Stages of Startup Funding
A new business demands much more than a great idea. It needs dedication, discipline, hard work and most importantly funding to convert its great idea into a successful reality. As the business progresses and grows, it may require funding for expansions and research depending on the type of business. There are different stages of funding that respond to different needs at different stages of a growing business.
This is the ideation stage. It is a time when the entrepreneur is working to bring the idea to life. That is why it is known as the pre-seed stage. Usually, the fund requirement at this stage is small and there are very limited and mostly informal channels available for raising money.
- One way to raise capital is to self-finance. This can be accomplished by relying on personal savings or by mortgaging or selling real estate property for money.
- The more common method is to borrow from friends or family members. The biggest benefit of this method is that there is an inherent level of trust between the entrepreneur and the investors.
- Another method is to win the prize money/grants/financial benefits that are provided by institutes or organisations that conduct business plan competitions. Though not large, the amount of money is usually enough for the ideation stage. The challenge is that the business plan has to be approved by the judges.
Seed capital is the investment made at the preliminary stage of the startup. This money helps the business in identifying and creating its roadmap and the direction in which the business needs to grow. To this end, the money goes towards identifying the market demands, preferences and tastes and then formulating a product or service. Seed funding is generally raised from
- Bank or even Non-Banking Financial companies (NBFCs) in the form of loans.
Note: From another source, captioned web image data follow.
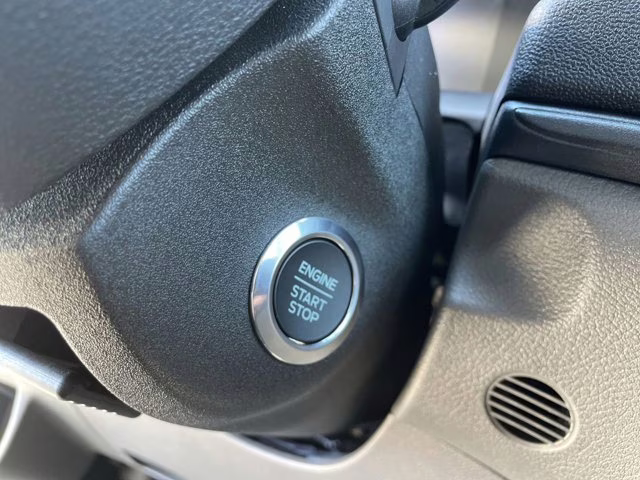 2026 Oxford White Ford Transit Cargo Van RWD Van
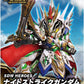 SD Gundam World Heroes Night Strike Gundam | animota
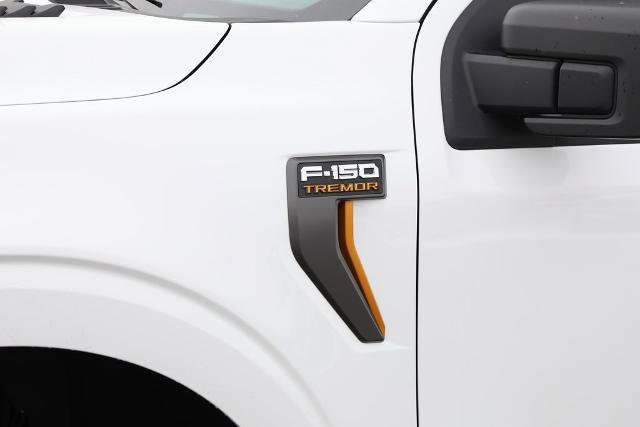 Certified 2021 Ford F150 Tremor w/ Equipment Group 401A Mid image 12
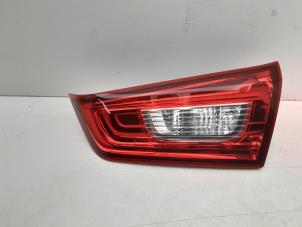 Used Taillight, right Mitsubishi ASX 1.8 DI-D MIVEC 16V Price € 84,69 Inclusive VAT offered by Japoto Parts B.V.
- Mentors, friends or family members.
- Angel Investors
Venture Capital Funding
This form of private equity financing is provided by venture capital firms for funds to startups and emerging companies that are deemed to have high growth potential and have demonstrated strong business operation acumen. Venture capital comes into the picture when the company’s products or services reach the market. This is a growth stage that further involves more rounds of funding.
Series A Funding
This is the very first round of VC funding that is primarily used for marketing, improving brand credibility, tapping new markets and business growth. The potential investors for Series A funding are-
- Super Angel Investors
- Venture Capitalists
Series B Funding
When a business reaches the stage of Series B funding, it means that the product has found a market and there is scope for growth in other markets as well. This type of VC funding is utilized to hire more staff, improve the infrastructure and expand the business beyond local borders. Potential investors for this type of funding are-
- Venture Capitalists
- Late-stage Venture Capitalists
Series C Funding
While there is no limit to the rounds of funding that a business can receive this round of business funding entails great caution. The more investment rounds, the more the business releases equity. The potential investors for series C funding are-
- Late Stage Venture Capitalists
- Private Equity Firms,
- Hedge Funds
Series D Funding
This is a funding stage that is not very common for businesses. This type of funding allows entrepreneurs to raise money for special situations like a merger or if the company hasn’t hit its growth goal yet. The potential investors in this funding are the same as the investors in the Series C Funding.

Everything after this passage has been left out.